* [Dataset records]:
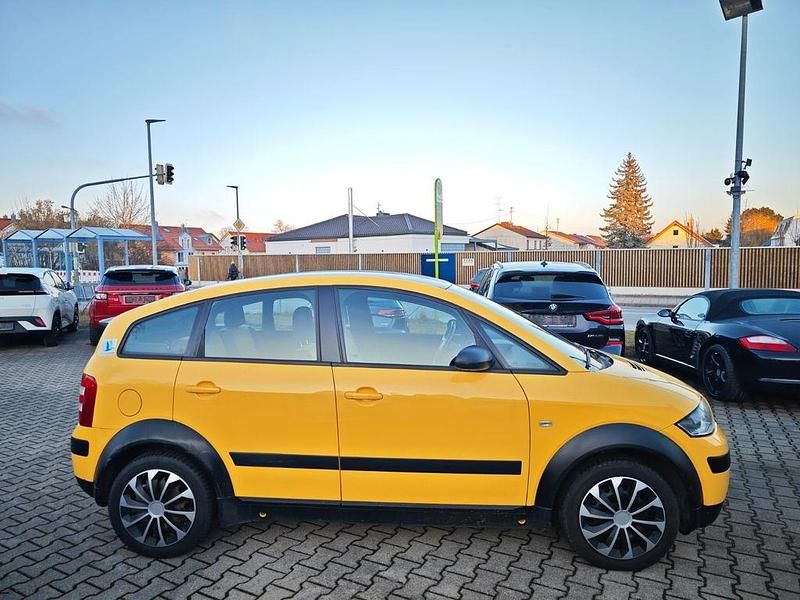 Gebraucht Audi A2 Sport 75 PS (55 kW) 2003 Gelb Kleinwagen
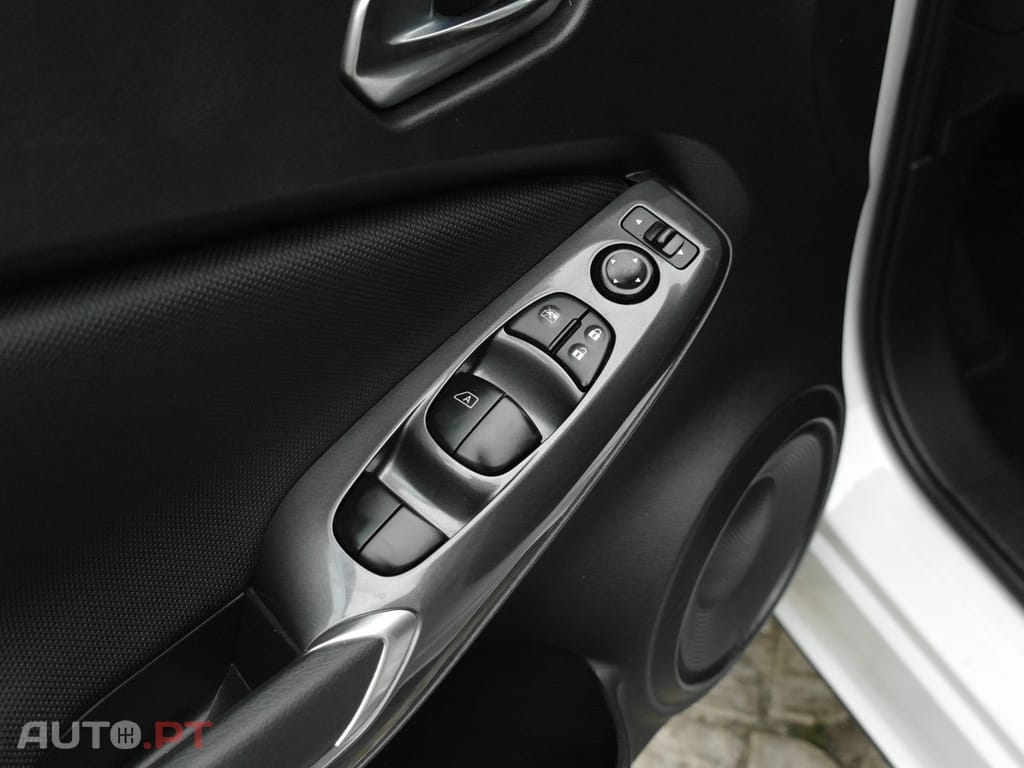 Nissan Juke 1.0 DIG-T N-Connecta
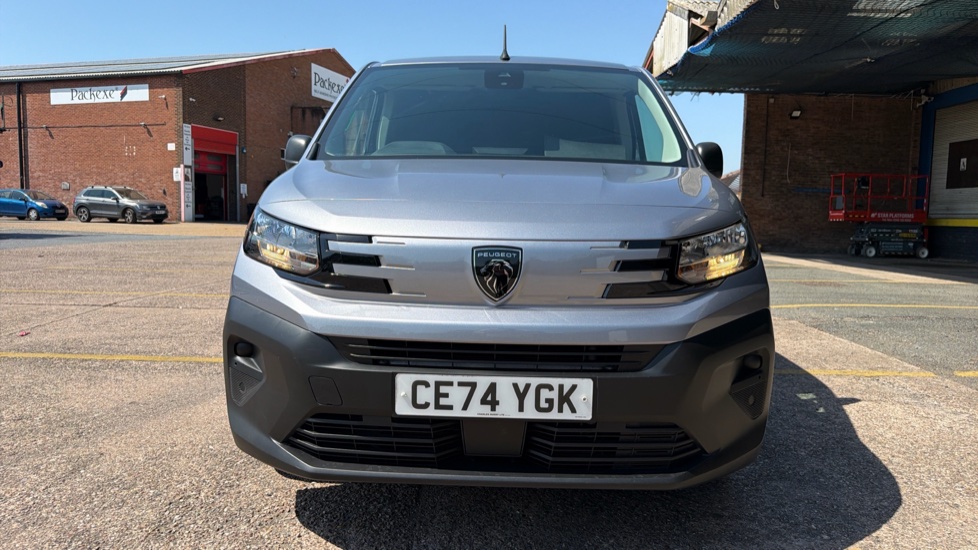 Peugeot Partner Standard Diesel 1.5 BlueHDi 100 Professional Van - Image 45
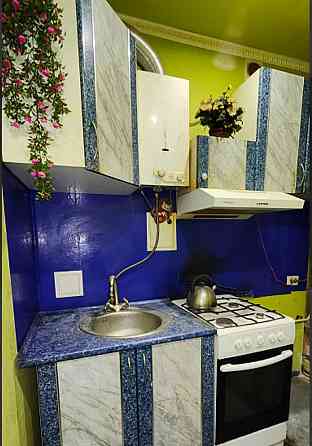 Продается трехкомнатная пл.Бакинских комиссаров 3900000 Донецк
--
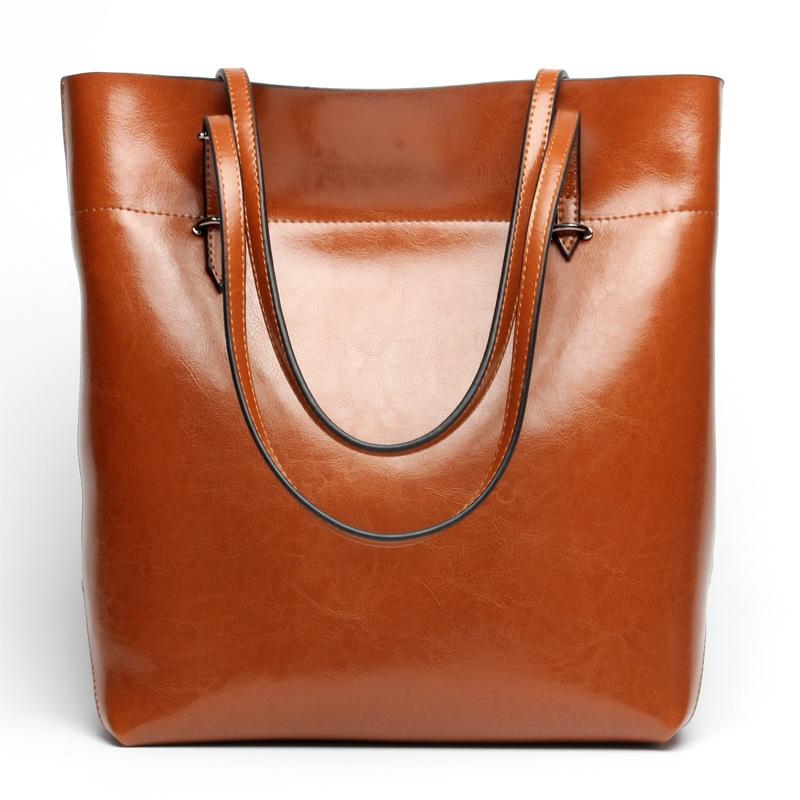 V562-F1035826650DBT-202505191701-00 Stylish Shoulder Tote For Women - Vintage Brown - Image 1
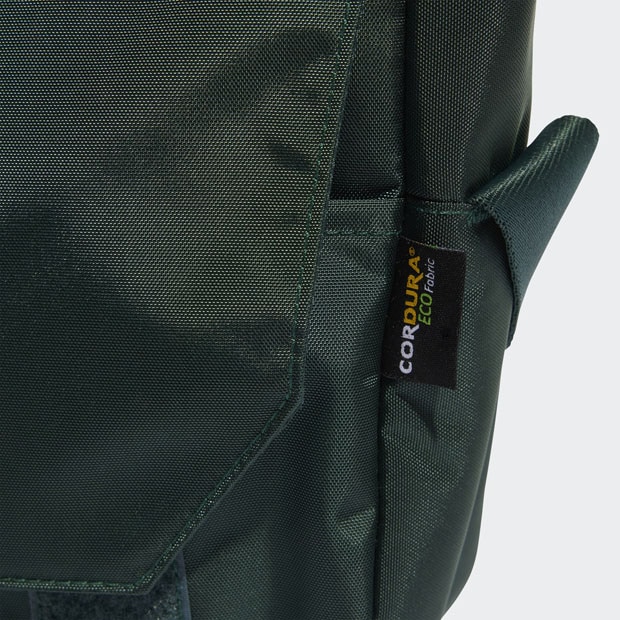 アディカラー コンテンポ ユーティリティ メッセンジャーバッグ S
==
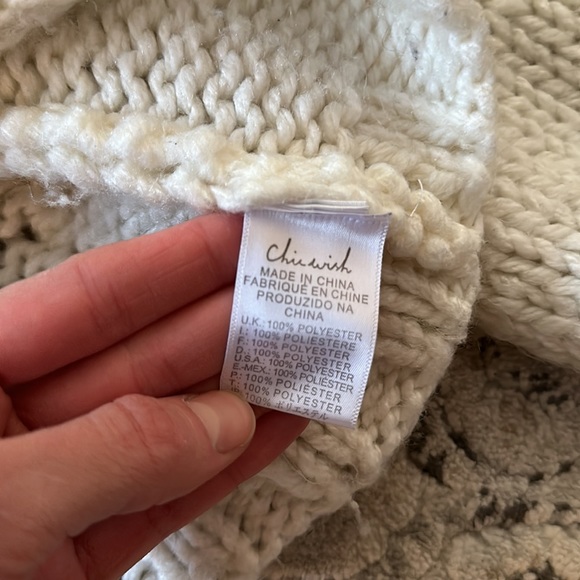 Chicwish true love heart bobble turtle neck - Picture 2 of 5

* [What you are asked to do]: Start at the line above containing "Nissan Juke 1.0 DIG-T N-Connecta" and stop at the line containing "Продается трехкомнатная пл.Бакинских": print those lines and everything between them exactly, but not the pictures.

* [Task solution]:
 Nissan Juke 1.0 DIG-T N-Connecta
 Peugeot Partner Standard Diesel 1.5 BlueHDi 100 Professional Van - Image 45
 Продается трехкомнатная пл.Бакинских комиссаров 3900000 Донецк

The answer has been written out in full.